Dualists see marginal organizations as separate from the mainstream. Dualists may acknowledge that the marginal and mainstream populations are a spectrum containing a range of organizations defined in terms of, for example, their degree of legality or the formality of their structure, but in the end, the dualist perspective is a “black or white” orientation; there may be gradations within the mainstream and its margins but organizations are either in one or the other. This doesn’t mean an organization can’t migrate from one side to the other, just that the two segments are independent and it’s the nature of the organization that ultimately determines if it is classified as marginal or mainstream. Finally, the structuralists often approach marginals as subordinate to the mainstream (Castells and Portes, 1989). This view clearly sees marginals as being on the lowest rungs of an organizational hierarchy. This view might work if marginals were being judged by their earning power, and then only if the earning power of marginals was, say, always in the lower 5–10% of the hierarchy. But some marginals are economic powerhouses earning hundreds of millions of dollars. Drug-trading organizations, Somali pirates or those who deal and trade in illegal weapons or armaments are among the wealthiest organizations in their countries of origin. The number of marginal organizations worldwide or within most countries also makes them a major presence, to say nothing of the number of people they employ. Other times the marginal may be a dictatorship or a military tribunal that controls and directs an entire population or country. A structural theory bends when these types of organizations are accounted for; so, while there’s some validity to the orientation structuralists take, it doesn’t offer a single best theory accounting for the relationship between marginals and their mainstream.
In fact, there’s probably no single best theory to account for marginal organizations, but just effective definitions or parameters stipulating the scope of one’s study. In this book, any organization, for example, economic, social, political, religious, military or cultural, can be classified as operating in society’s margins. Our approach is to simply include any and all organizations that operate outside a mainstream’s set of laws, rules and regulations. The literature seems to support this criterion and, as importantly, it avoids the romantic notions like those that approach marginals as ventures or entrepreneurships that create employment or economic opportunities for their membership or society.
Our orientation doesn’t use an organization’s motivations as a delimiter; if the organization operates outside the law, rules and regulations, it is a marginal, not a mainstream, organization. This approach also rectifies an ambiguity created in some existing studies. For example, some treatments of marginal organizations muddy the relationship between the marginal and mainstream when they approach marginals as being defined by exceptions: as organizations that may not operate as mainstream organizations (e.g., pay taxes or adhere to local labor laws) but provide goods and services that are otherwise perfectly legal (Becker, 2004, 11).

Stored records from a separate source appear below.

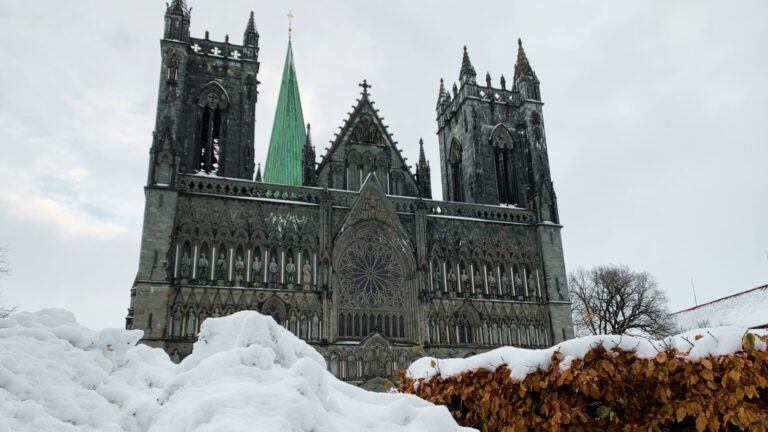 Nidaros Cathedral in Trondheim in the winter. Photo: David Nikel.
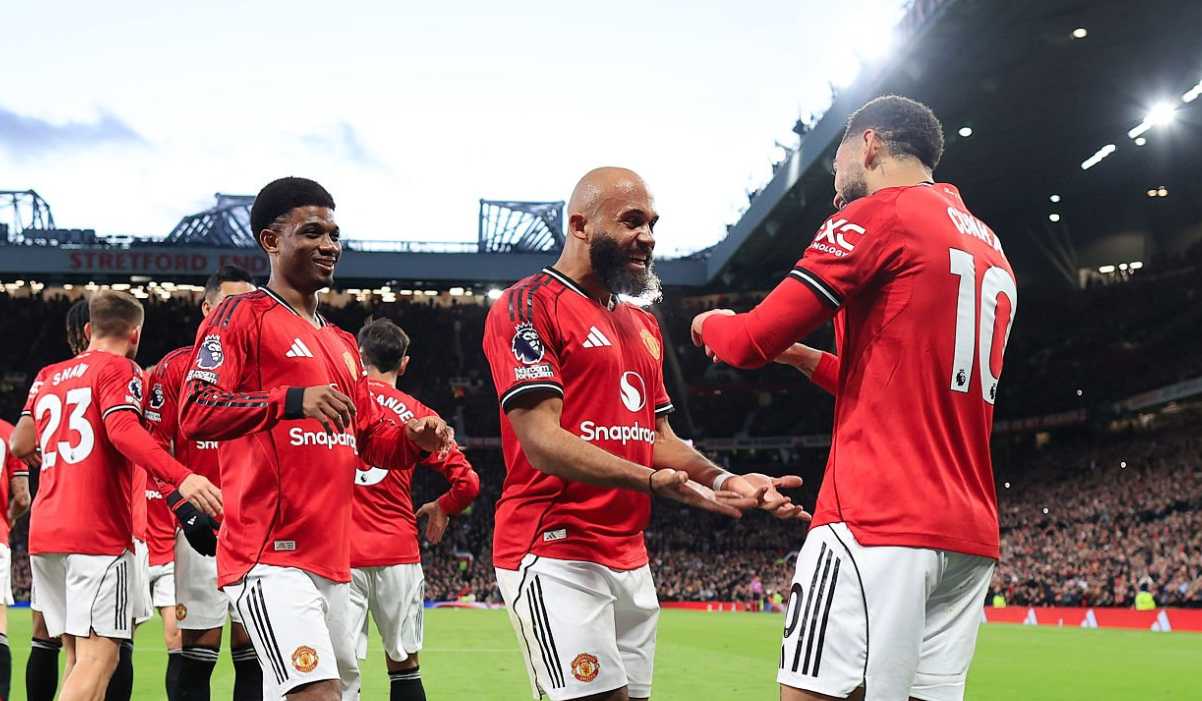 Matheus Cunha merayakan gol bersama Bryan Mbeumo dan Amad Diallo Matheus Cunha merayakan gol bersama Bryan Mbeumo dan Amad Diallo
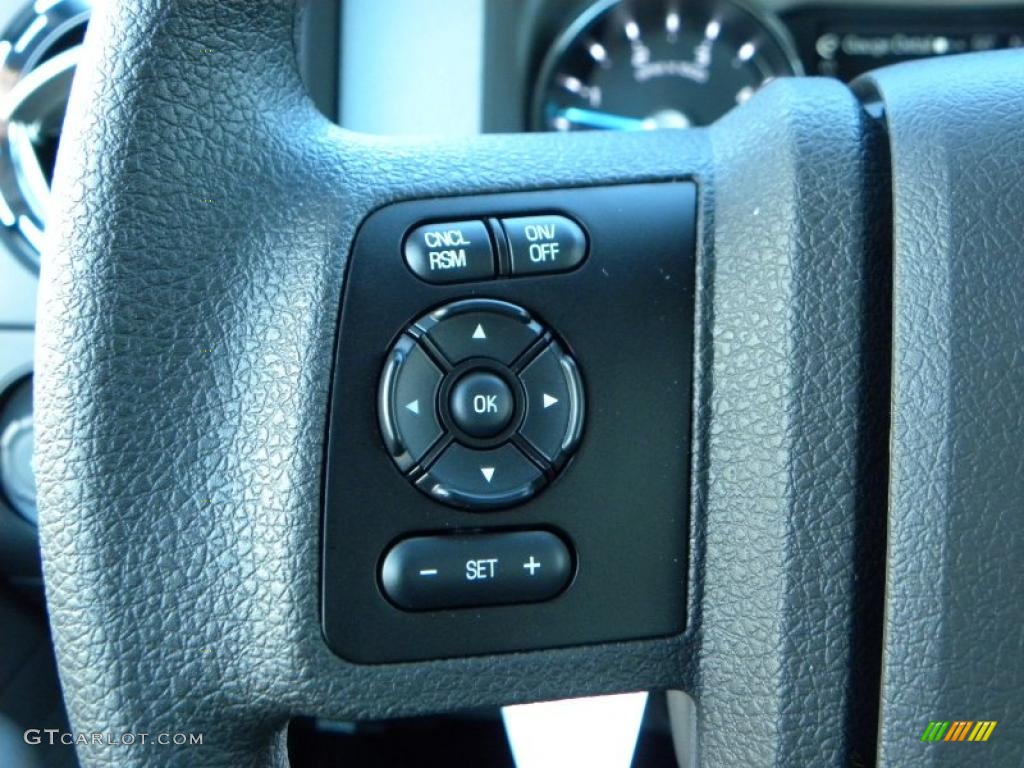 2011 Ford F250 Super Duty XLT Crew Cab 4x4 Controls Photo #40325836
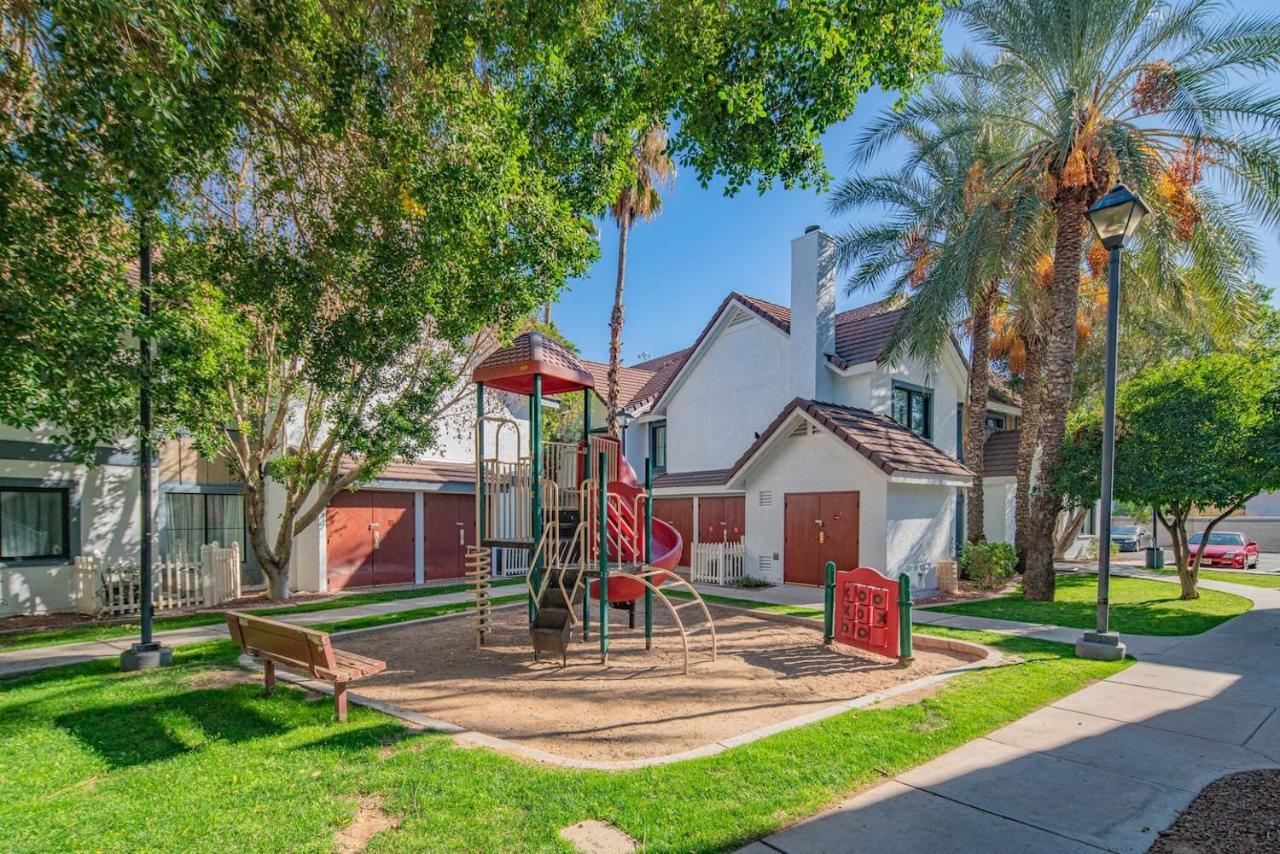 Metro Phoenix Loft Sleeps 6 외부 사진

Given the scope of this book, as presented above, we are open to including any and all organizations that operate outside of society’s legal, rules and regulations parameters as examples of marginal organizations. We take this approach because it seems in line with general treatments in the literature and, more importantly, it provides us with coherent populations to use when seeking to understand if and why marginals are successful, why they may be perceived as a burden on the mainstream or how and why they operate in society’s margins in the first place; it also is important to understand the ways in which these organizations “behave” and act in their environments. Simplifying our notion of what is and isn’t a marginal organization greatly facilitates our understanding of what particular features are needed for marginals to survive and sometimes flourish without creating unwanted ambiguities or confusion.
We take this orientation for several reasons, beginning with the fact that society’s margins include a mix of organizations with economic, social, political or even cultural motivations, and also that too narrow a focus or definition of what is a marginal organization is both misguided and misleading. Let us consider the following observations.
First, a marginal’s role in society should never be discounted. These organizations can have significant influence in every society and they do so because they meet the needs of people, stakeholders, that are not being met by mainstream organizations. Marginals emerge to capitalize on opportunity; it’s often a win/win situation. The marginal and the stakeholder gain from the relationship, and whether the relationship is defined by drugs, sex, politics or religion it’s the opportunity for a relationship that fills one’s needs that counts.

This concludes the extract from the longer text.